Mereka lalu mengatur siasat dan membagi tugas. Para pendekar itu mendapatkan tugas untuk menghubungi dan mengajak para pendekar yang berada diluar kota, dan pada besok sore sudah harus berkumpul disemua pintu gerbang kota Yen-tai. Setelah mengadakan perundingan sampai jauh malam, mereka semua beristirahat dan dua orang gadis itupun beristirahat didalam pondok bambu, mendapatkan kamar untuk dipakai mereka berdua sedangkan para pendekar pria beristirahat diruangan luar. Pada keesokan harinya, mereka berpencar, ada yang pergi mencari para pendekar, dan ada pula yang langsung menuju kekota Yen-tai yang letaknya kurang lebih dua puluh li dari situ.

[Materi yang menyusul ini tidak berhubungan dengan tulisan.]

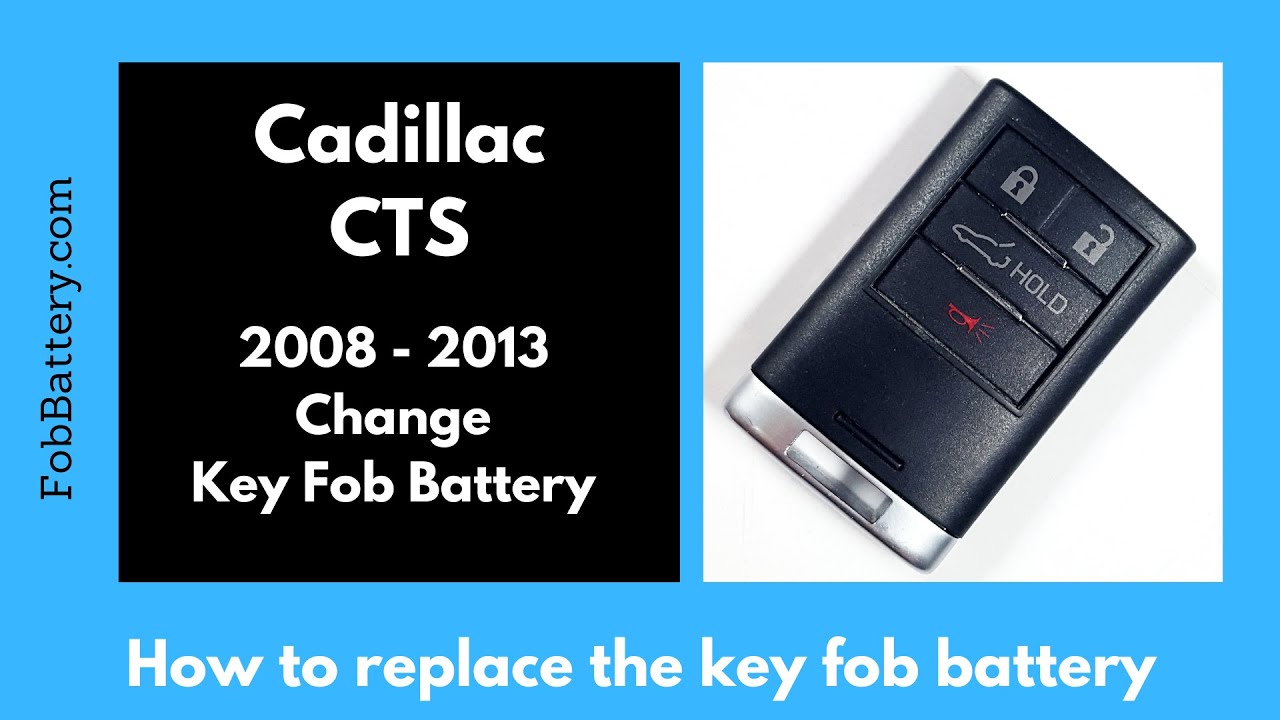 How to Replace the Battery in a Cadillac CTS Key Fob (2008 - 2013)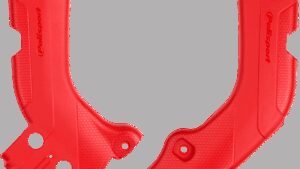 POLISPORT Frame Guards - '04 OEM Red - CRF 250R/450 R/RX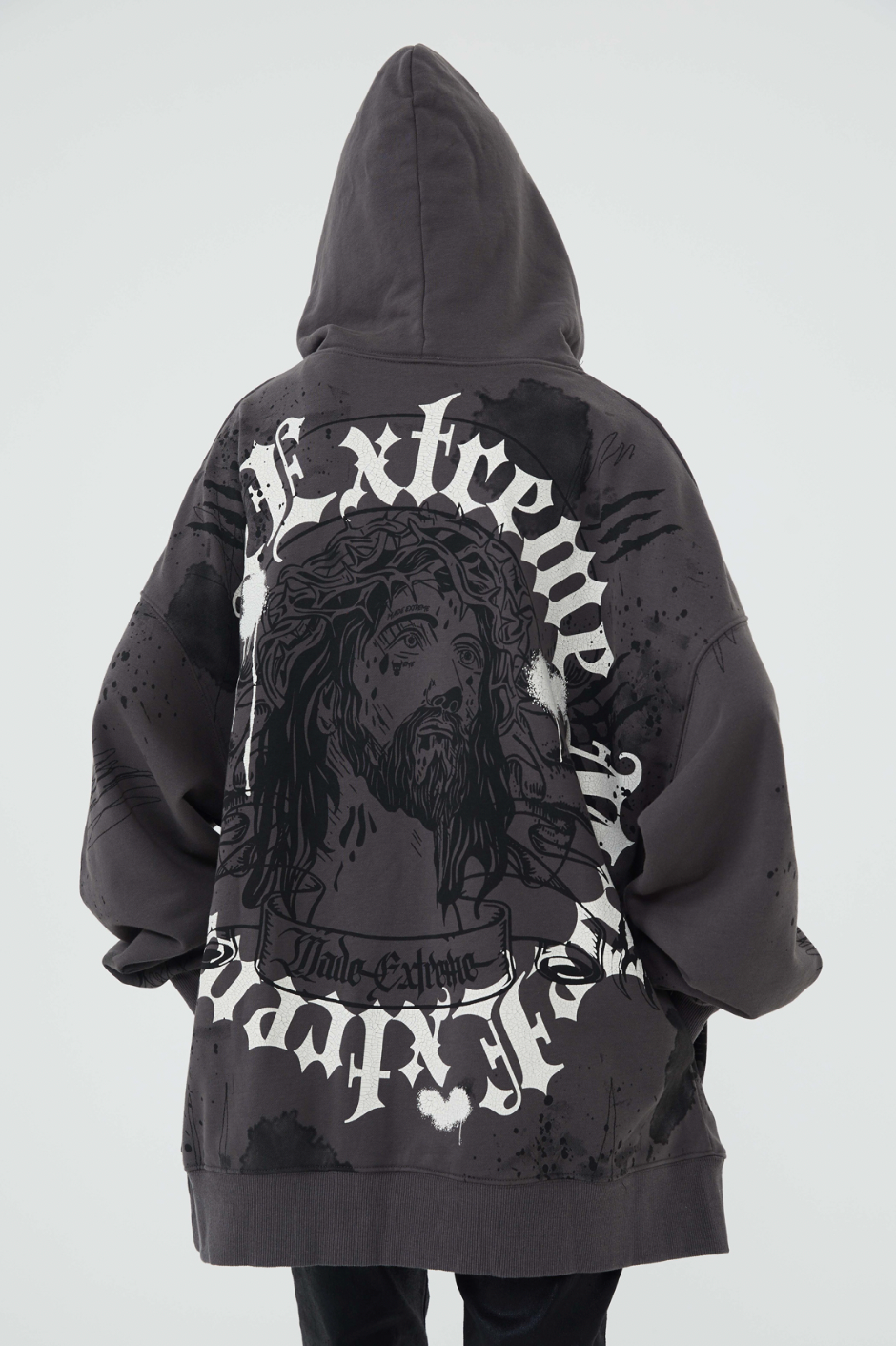 F3F Select Jesus Graffiti Print Hoodie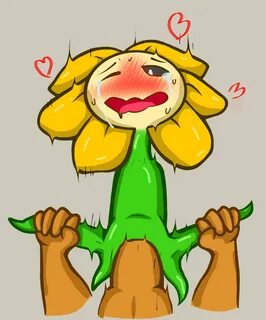 flowey the flower, undertale, hi res, blush, cinnamonroll69, flower, human,...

Pek Lian dan Bwee Hong bersama Sin-kauw Song Tek Kwan menuju kepintu gerbang kota Yen-tai sebelah barat, dimana mereka menanti kawan-kawan dan menanti datangnya malam sambil mengintai kearah pintu gerbang untuk melihat setiap orang yang keluar masuk. Mereka mengenal banyak pendekar yang berdatangan, akan tetapi mereka itu hanya saling pandang dan pura-pura tidak saling mengenal, namun kesemuanya bersiap-siap tak jauh dari pintu gerbang. Demikian pula dengan para pendekar yang telah mengadakan persiapan dipintu-pintu gerbang lain dan diantara pintu-pintu gerbang ini terdapat kontak melalui kurir-kurir yang pergi datang tiada hentinya. Malam tiba dan apa yang mereka tunggu-tunggupun terjadilah. Sebuah kereta yang jendela dan pintunya tertutup rapat keluar dari pintu gerbang barat, diiringkan oleh pasukan pengawal yang kuat.
Melihat ini, Sin-kauw, Pek Lian dan Bwee Hong bergegas membayangi dan para pendekar yang berjaga dipintu-pintu gerbang lainnya segera diberi kabar dan merekapun cepat melakukan pengejaran dan ikut membayangi. Jumlah para pendekar ini lebih dari seratus orang! Sesuai dengan rencana para pendekar, ketika kereta tiba disebuah dataran luas, para pendekar menghadang dan mengepungnya. Lebih dari seratus orang pendekar mengepung dan menyerbu. Pasukan pengawal yang jumlahnya hanya dua puluh lima orang itu melawan. Akan tetapi tentu saja mereka kewalahan walaupun mereka merupakan pasukan pengawal pilihan karena para penyerbu itu selain berjumlah lebih besar, juga rata-rata memiliki ilmu silat yang kuat. Para perajurit pengawal itu mundur sambil melawan sedapat mungkin, akan tetapi banyak diantara mereka yang roboh.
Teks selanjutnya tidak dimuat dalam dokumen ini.